Blaze At Centuries-Old Cathedral In Nantes Under Investigation As Arson
French authorities believe that arson may be to blame for a fire that tore through a cathedral in Nantes that dates back to the 15th century. The city's mayor, Johanna Rolland, said officials have launched an investigation into the origins of the blaze, which wrought significant damage to parts of the Gothic structure on Saturday.
"It is a part of our history, a part of our heritage," Rolland told reporters, noting that it took more than 100 firefighters to bring the blaze under control.
Before they managed to do so, though, the fire at the Cathedral of St. Peter and St. Paul consumed its grand organ and blew out several stained-glass windows. Videos posted to social media depicted flames licking the side of the building and sending smoke billowing between its pair of stately towers.
@BFMTV pic.twitter.com/7Rf4OTz5rB— Laurent K (@zeldamydog) July 18, 2020
The scene offered uncomfortable echoes of the devastating blaze that destroyed much of Notre Dame in Paris last year. More than a year later, officials are still working to restore what they can of the Paris cathedral, which lost a spire in the catastrophe and remains in danger of parts of its roof collapsing.
The local fire chief in Nantes, Laurent Ferlay, said that the organ at the cathedral "appears to be completely destroyed," but that firefighters largely managed to avoid a full-on "Notre-Dame scenario." According to the mayor, they also avoided a grim encore of the 1972 fire at the St.
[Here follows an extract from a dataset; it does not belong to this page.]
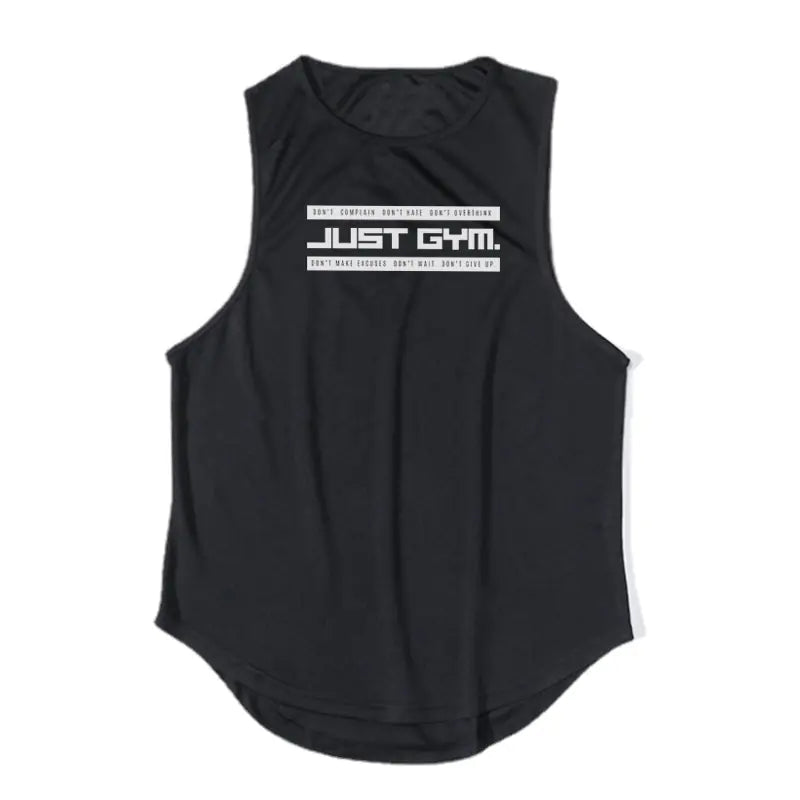 Breathable Polyester Fiber Gym Vest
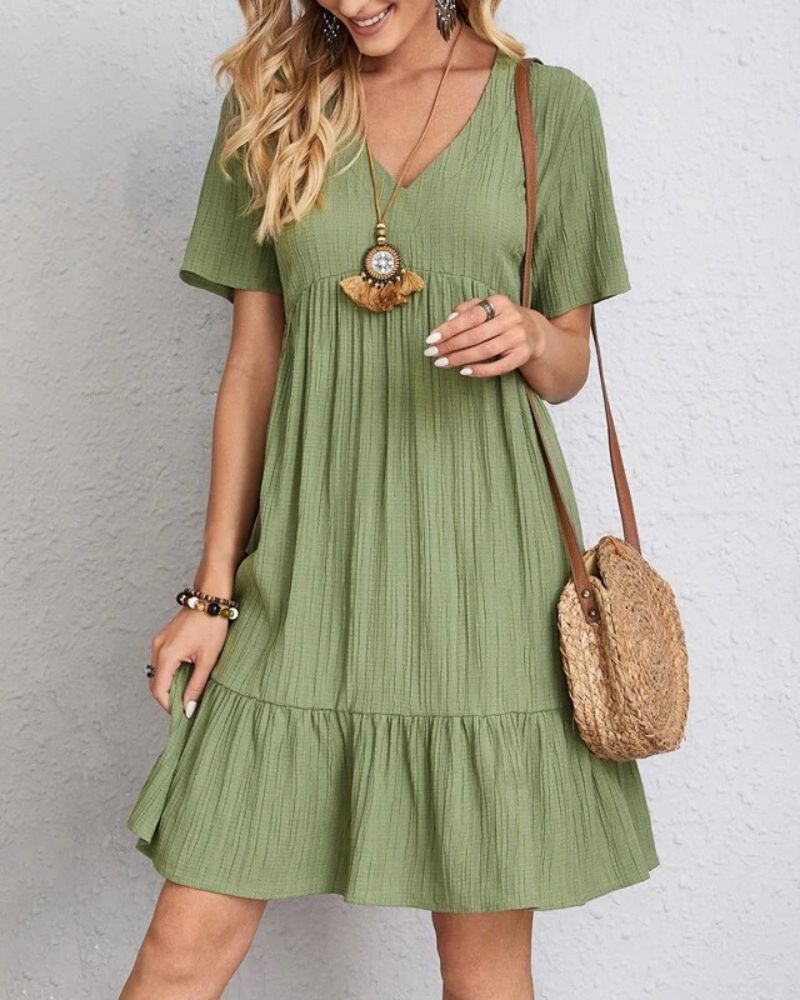 EASY FIT SUMMER DRESS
Peter and St. Paul Cathedral, which ravaged much of its roof and shut down church services there for some 13 years.
"We all have these images in mind, this story in our hearts," Rolland said Saturday, "but at this stage the situation does not seem to be comparable to that of 1972."
Still, prosecutor Pierre Sennes said authorities are looking into the fire as a potential crime.
"When we arrive at a place where a fire has taken place, when you see three separate fire outbreaks," he told reporters Saturday, according to the BBC, "it's a question of common sense — you open an investigation."
French Prime Minister Jean Castex said he plans to arrive in Nantes Saturday afternoon to inspect the damage, together with Interior Minister Gérald Darmanin and Culture Minister Roselyne Bachelot.
Begun in 1434, construction on the cathedral took nearly half a millennium to be completed. Not until 1891 was the structure formally inaugurated. By that time, the French government had already listed it as a historic monument for several decades.
In other words, the structure in its various forms has loomed over the city center for centuries and remains a popular tourist attraction as a model of Gothic architecture in western France.
"To the people of Nantes, whose emotion I share," Castex added, "I want to express my solidarity."